Ryanair has slammed the government’s tax break in the Flybe rescue deal as “breaching competition law” if it is not extended to all airlines.
The budget airline has written to chancellor Sajid Javid urging him to extend the Air Passenger Duty (APD) tax break to all UK airlines.
It said if the tax holiday is not handed to all Flybe’s competitors, the government has breached competition law and state aid rules.
The letter also said if the government did not comply with Ryanair’s demands, it would “launch legal proceedings”.
“The Flybe model is not viable, which is why its billionaire owners are looking for a state subsidy for their failed investment,” said Michael O’Leary, Ryanair’s chief executive.
“The reason why Flybe isn’t viable is because it cannot compete with lower-fare services from UK regional airports on domestic and EU routes provided by Ryanair, easyJet, British Airways and others; and it cannot compete with lower-cost road and rail alternatives on many smaller UK domestic routes.”
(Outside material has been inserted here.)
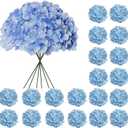 20 Pcs Blue Hydrangea Artificial Flowers Bulk, Faux Hydrangea Flowers Heads, Artificial Fake Silk Hydrangea Flowers with Stems, Blue Flowers Artificial for Decoration Wedding Dcor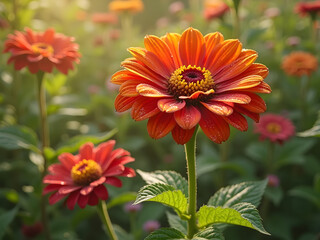 Beautiful Zinnia Flower Close-Up Photography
He said Flybe will “undoubtedly” fail again and when it does, other airlines would “step in” and provide lower-fare flights from the UK’s regional airports.
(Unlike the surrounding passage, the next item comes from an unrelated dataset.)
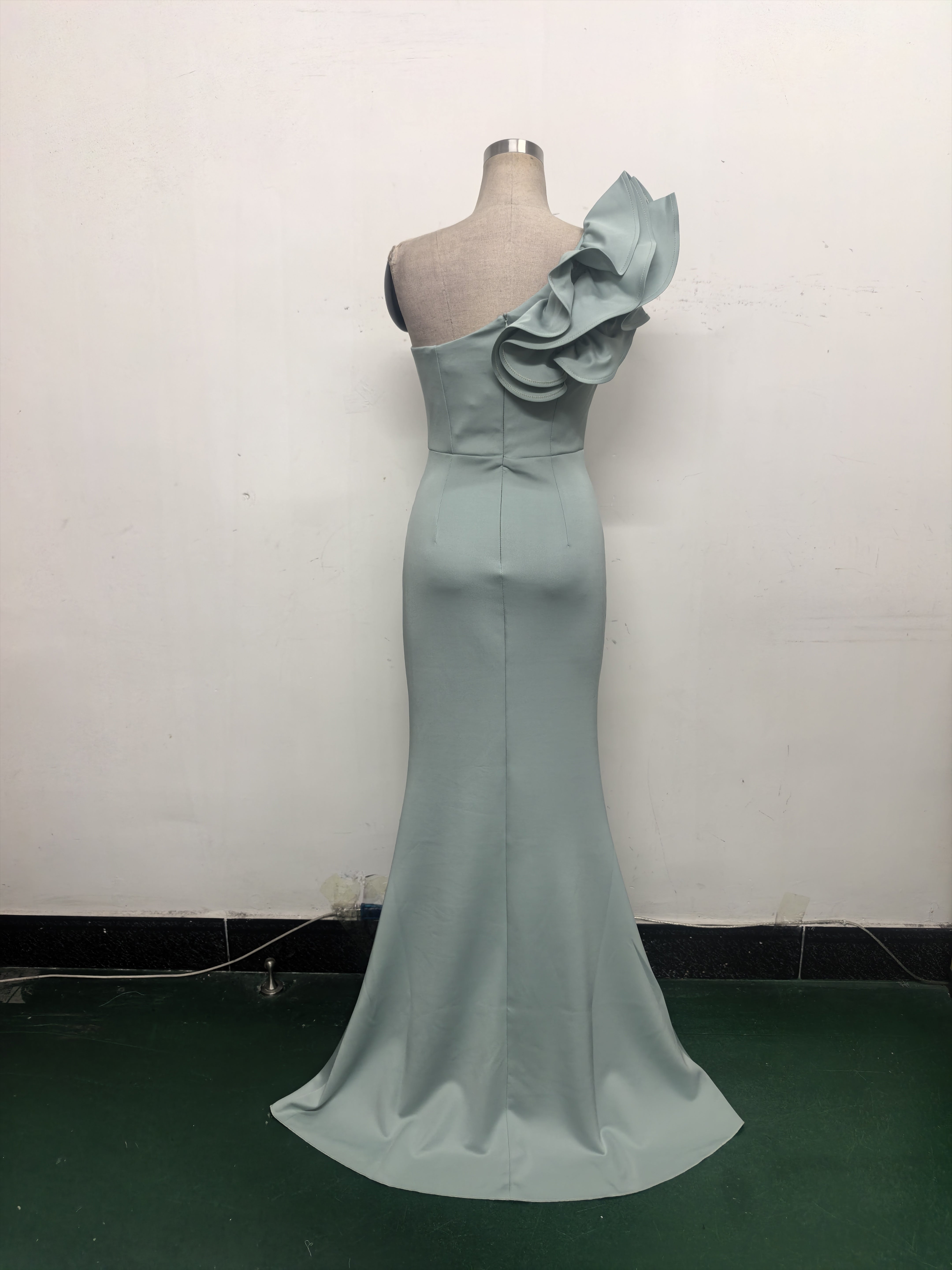 Women One-Shoulder Beaded Wool and Floral Satin Slit Sexy Evening Dress 15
In a statement released by Ryanair, a spokesperson said: “The Flybe business model is unsustainable, it is owned by billionaires including Richard Branson, Delta Airlines and Cyrus Capital, who do not need a government subsidy to prop up their failed airline investments.”
BBC News reported on 14 January that Flybe’s shareholders – including a consortium of Virgin Atlantic, Stobart Group and Cyrus Capital Partners – agreed to inject cash into the business and the government would defer its APD bill.
This comes as IAG, British Airways’ parent company, filed a formal complaint to the EU over the rescue deal.